Here are some questions we should consider. In looking at
Christian worship gatherings as described or prescribed in the New Testament
what element do we know were present and should be present in our gatherings?
Have culled those from the scripture text what elements found in the old
covenant scriptures would be unchanged by the coming of Jesus Christ? What
principles of worship from both Testaments are to be embodied in our structure
both form and words (speech, deeds and actions of leaders and congregants)? How
should these be structured in a movement of divine human dialogue and
encounter? There is no one set invariable pattern but a general pattern can
certainly be discerned and implemented.
In planning the various elements of a service of worship we
must ask questions of each one? Why are
we doing this? What is its biblical authorization and what is its spiritual and
practical purpose? How does it relate to the movement and flow (vital pattern) of
the worship gathering and event? We can
plan the meeting but we cannot plan the inner transaction of worship. Our
planning must assist the worshipper to encounter God in His Word by his Spirit
in fellowship with the company of believers gathered.

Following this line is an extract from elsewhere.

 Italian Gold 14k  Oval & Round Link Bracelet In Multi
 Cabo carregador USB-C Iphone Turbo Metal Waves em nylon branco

A fourfold general pattern of our gatherings for worship can
be seen as: Gathering Together before our God; Approaching Him in worship which
centers on His attributes and our humble recognition that He alone is God and
we are his people; the Declaration of His truth and our participation in it
through the Lord’s Table and our departure for service though whole life
worship of living. In this structure God speaks and we respond and through its
movement the gospel should be discerned.
Let me pause here and post- just some beginning food for
I appreciate your food for thought. Here’s a thought…Paul always spoke/prayed a blessing over God’s people. I know we are there for God, but Paul always spoke/prayed blessings as well as giving God’s Word. I have also been thinking on Samuel, as a young child, growing up “in the church.” Can you comment on children’s place in the worship service/gathering?